Others give the group credit for helping persuade a rising share of the private sector to take meaningful steps to address emissions. SBTi says companies with targets that it’s approved are typically reducing their direct emissions by 12% each year, well ahead of what the organization requires. The goal-setting has had a wider effect on the field as well, helping to ratchet up the standards of other companies and corporate standard-setting groups, observers say.

Picking pathways

The starting point for SBTi’s approach is what’s known as the world’s “carbon budget.” The UN Intergovernmental Panel on Climate Change determined that collectively, nations can only afford to emit another 500 billion metric tons of carbon dioxide over roughly the next three decades and still have a 50-50 shot at holding warming to 1.5 ºC.

SBTi allocates shares of that carbon budget to sectors and companies, which then have several choices in setting targets. Two-thirds of companies have selected the simplest method, committing to per-year emissions cuts through 2030. To be in line with 1.5 ºC targets, SBTi requires companies to plan to reduce emissions across their supply chains by at least 4.2% every year. (Some companies, like Tyson Foods, Cargill, and McDonald’s, opted for a 2 ºC goal, but SBTi has recently stopped approving plans for this looser target.)

For the most part, the private sector isn’t legally required to drive down its emissions.
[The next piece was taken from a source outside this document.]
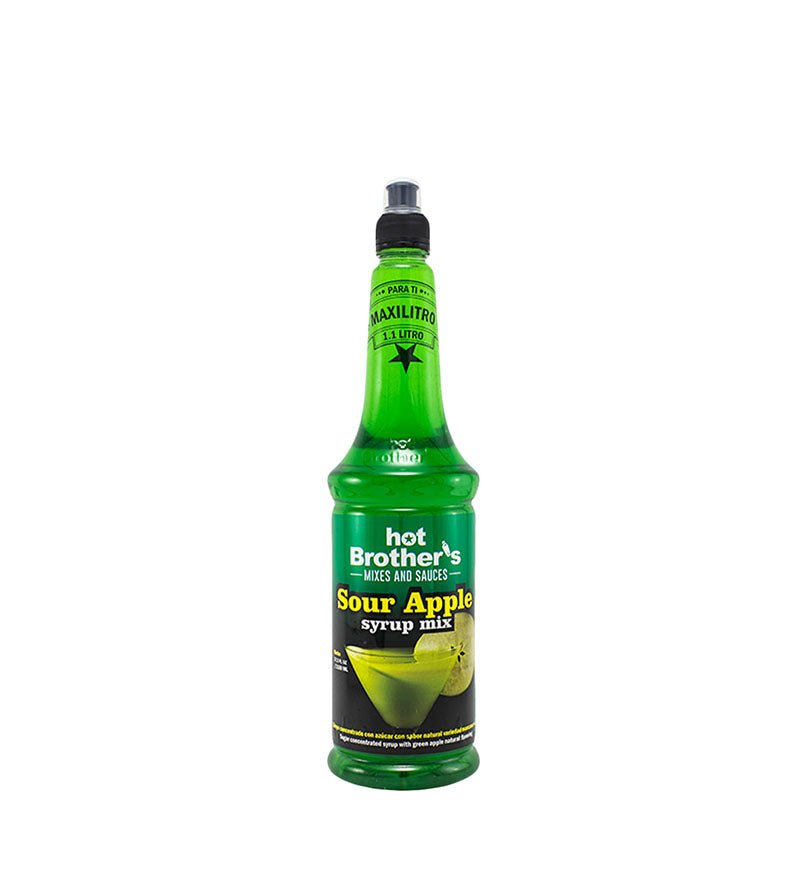 Botella de sirope Manzana Verde Mix Hot Brother's de 1 L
But firms face growing pressure from investors, customers, activists, and policymakers to show that they’re taking emissions seriously and addressing rising bottom-line risks from climate change itself. Companies that secure SBTi’s approval can assert in their boardrooms, product marketing, and investor communications that they’re doing both. 

SBTi has developed a process for measuring a company’s baseline emissions based on work by Greenhouse Gas Protocol, a similar partnership between NGOs and the private sector that sets standards for reporting emissions and then signs off on a firm’s timeline for reducing them. SBTi stresses that it doesn’t evaluate or endorse the specific strategies companies use to get to the target. However, it does exert some control over the choice of those tools, as in prohibiting the use of offsets. 

Companies can also choose to follow a sector-specific pathway, which tends to be more attractive for industries such as aviation, cement, and aluminum, which are particularly difficult to clean up with today’s technologies. In that case, SBTi assigns shares of the carbon budget to sectors and the companies within them on the basis of scientific literature, market data, and guidance from industry experts.

The maritime industry, for example, gets a total budget of 12 to 16 billion tons of carbon dioxide to emit until 2050. SBTi gives the sector more time to decarbonize than other industries because it’s expected that methods for cutting emissions from shipping, including switching to low-emission fuels like ammonia and hydrogen, will take a while to scale up. 

SBTi has also developed long-term net-zero targets, with the goal that by 2050, companies will emit only as much greenhouse gas as they can reliably and durably remove from the atmosphere. They have approved such goals for around 200 companies, including Colgate Palmolive, Etsy, and H&M.